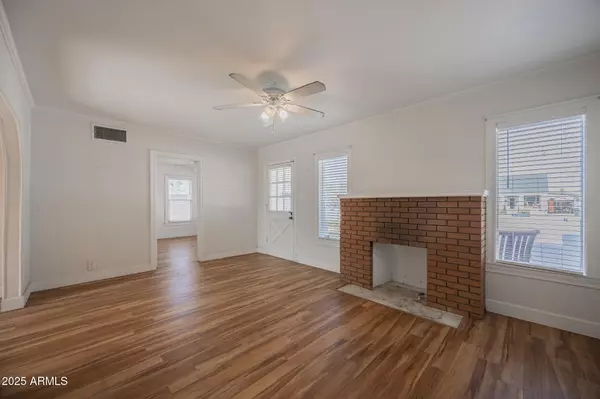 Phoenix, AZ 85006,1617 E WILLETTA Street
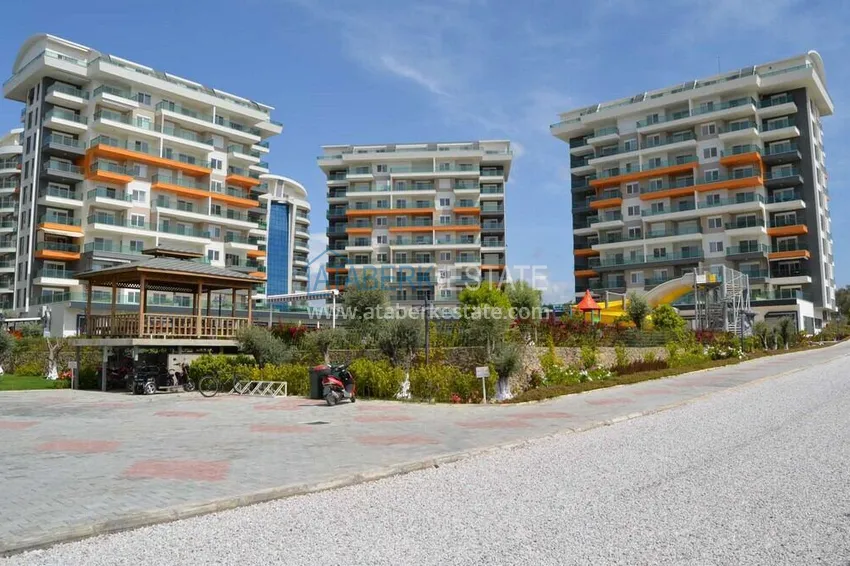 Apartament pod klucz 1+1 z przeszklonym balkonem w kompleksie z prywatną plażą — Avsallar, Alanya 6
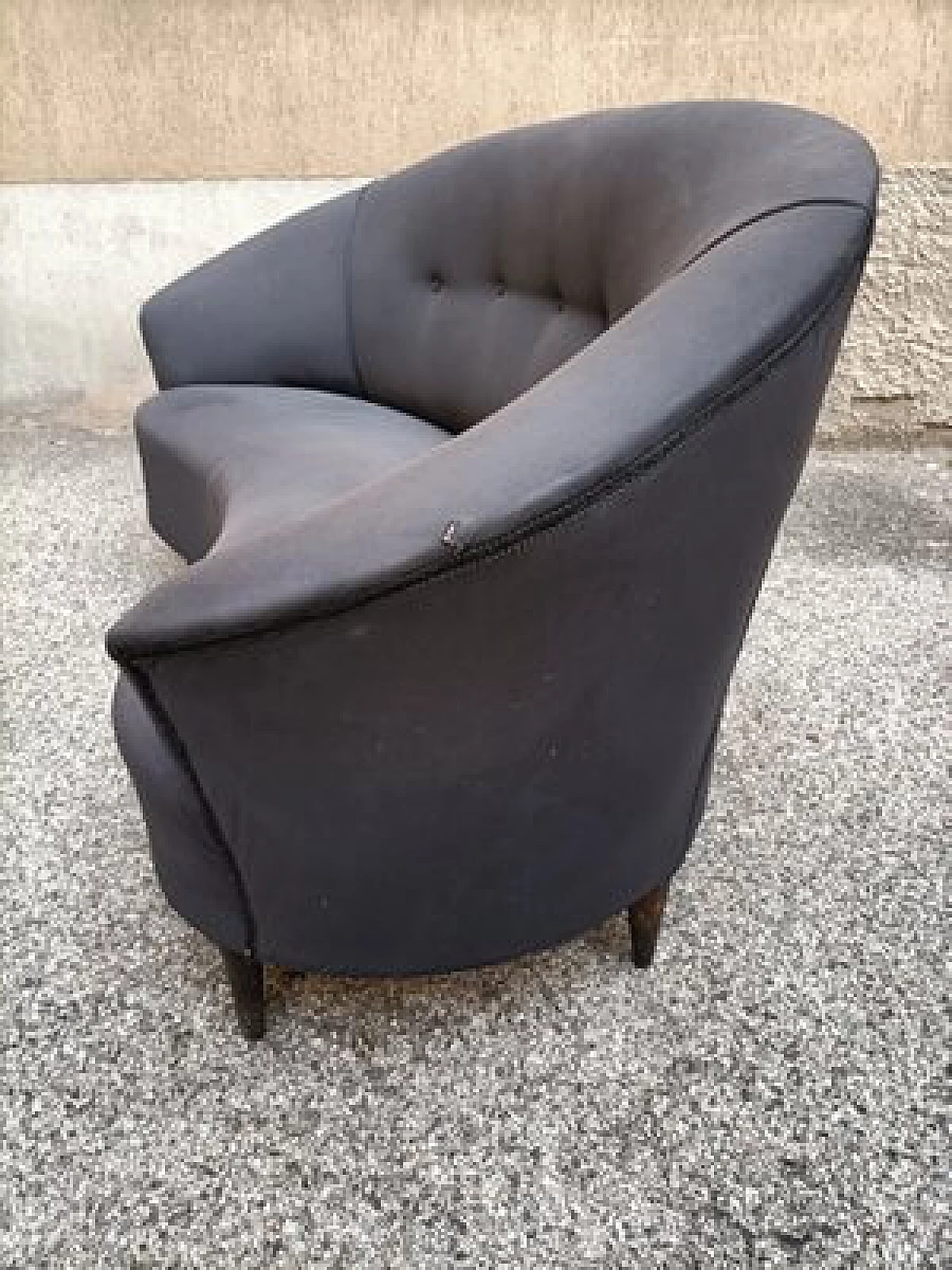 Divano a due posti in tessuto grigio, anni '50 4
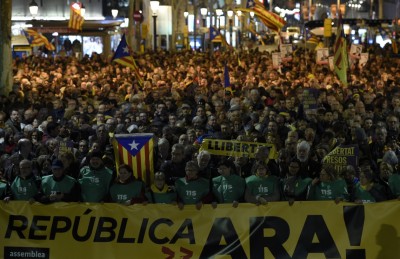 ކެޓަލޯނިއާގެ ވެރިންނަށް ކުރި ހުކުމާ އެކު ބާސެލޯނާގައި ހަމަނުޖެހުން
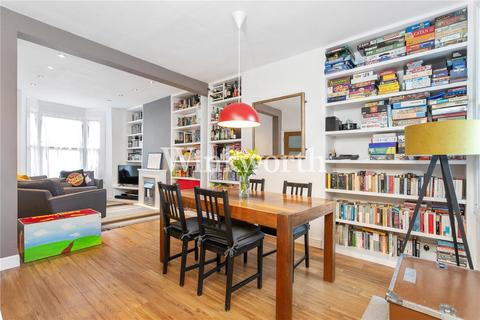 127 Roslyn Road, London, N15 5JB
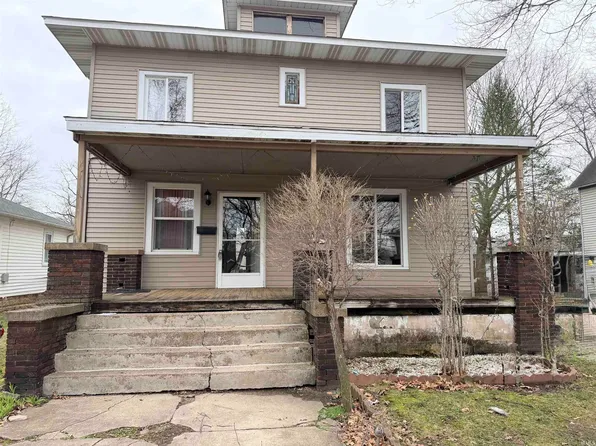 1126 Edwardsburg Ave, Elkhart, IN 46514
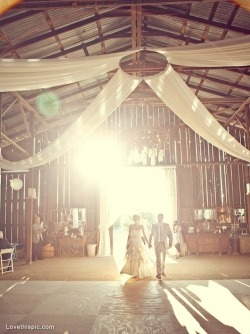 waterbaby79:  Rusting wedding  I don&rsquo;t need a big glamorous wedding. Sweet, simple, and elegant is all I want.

::::

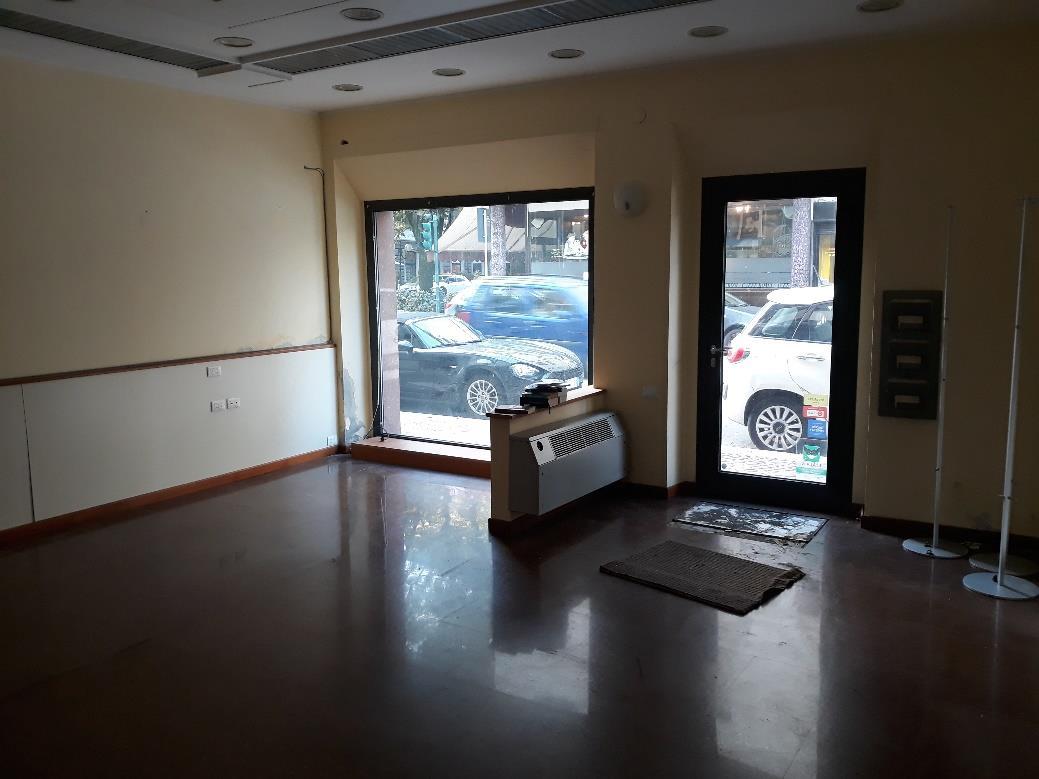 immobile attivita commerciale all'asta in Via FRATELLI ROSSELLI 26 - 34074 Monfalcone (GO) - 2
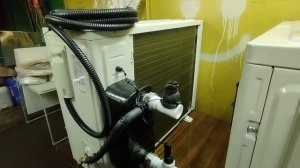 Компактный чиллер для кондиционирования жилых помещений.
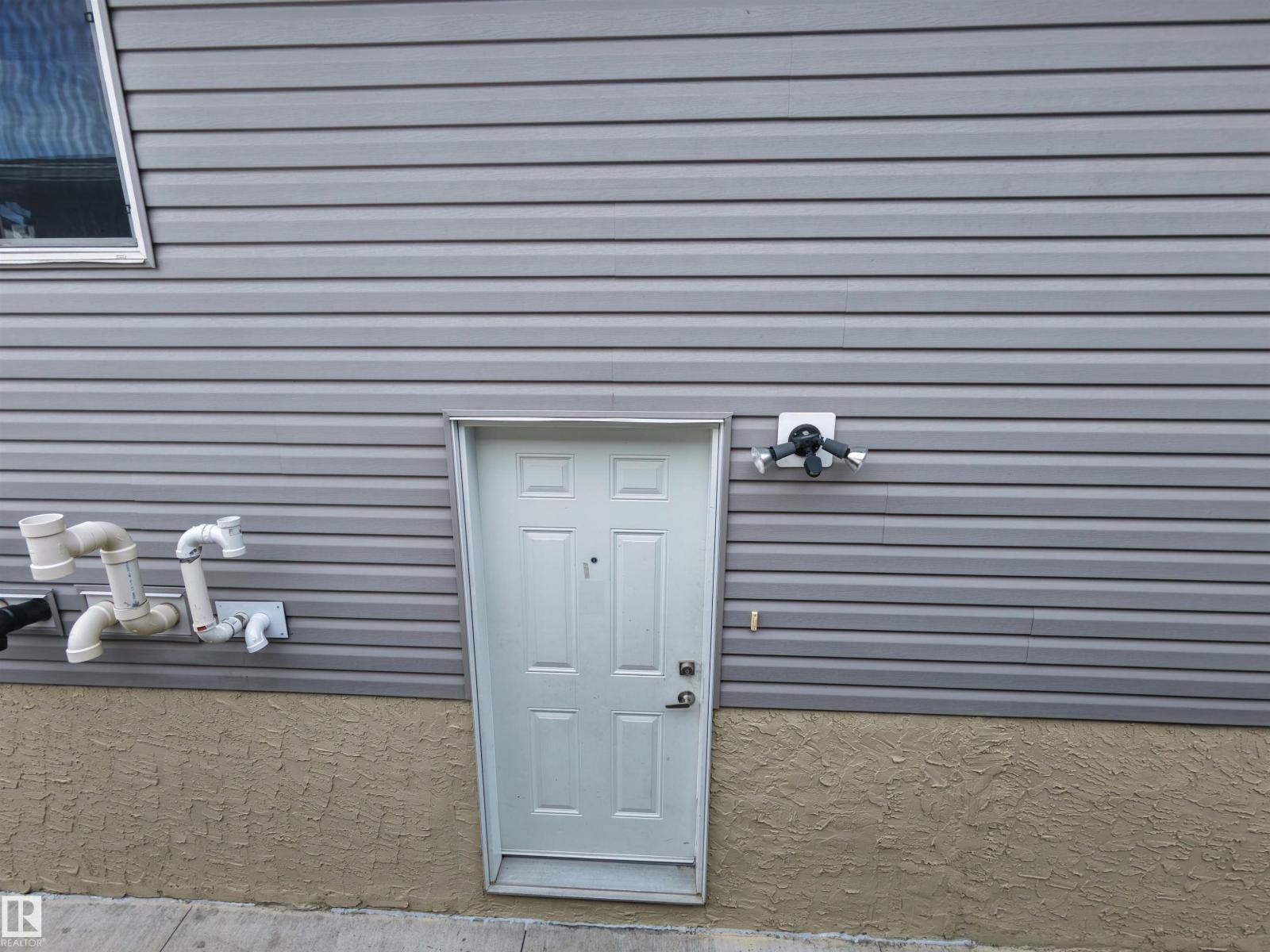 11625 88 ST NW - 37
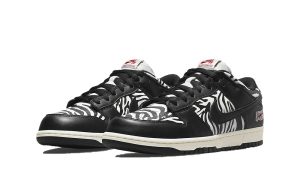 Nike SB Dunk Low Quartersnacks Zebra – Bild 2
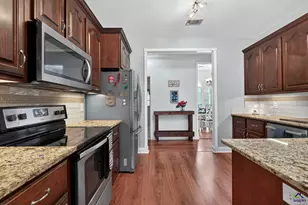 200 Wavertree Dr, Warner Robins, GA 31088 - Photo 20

::::

**INSTRUCTIONS TO FOLLOW**: Using the material above, reproduce only the lines that run from the line with "Apartament pod klucz" up to and including the line with "all I want.", exactly, with the pictures dropped.

**PROBLEM SOLUTION**:
 Apartament pod klucz 1+1 z przeszklonym balkonem w kompleksie z prywatną plażą — Avsallar, Alanya 6
 Divano a due posti in tessuto grigio, anni '50 4
 ކެޓަލޯނިއާގެ ވެރިންނަށް ކުރި ހުކުމާ އެކު ބާސެލޯނާގައި ހަމަނުޖެހުން
 127 Roslyn Road, London, N15 5JB
 1126 Edwardsburg Ave, Elkhart, IN 46514
 waterbaby79:  Rusting wedding  I don&rsquo;t need a big glamorous wedding. Sweet, simple, and elegant is all I want.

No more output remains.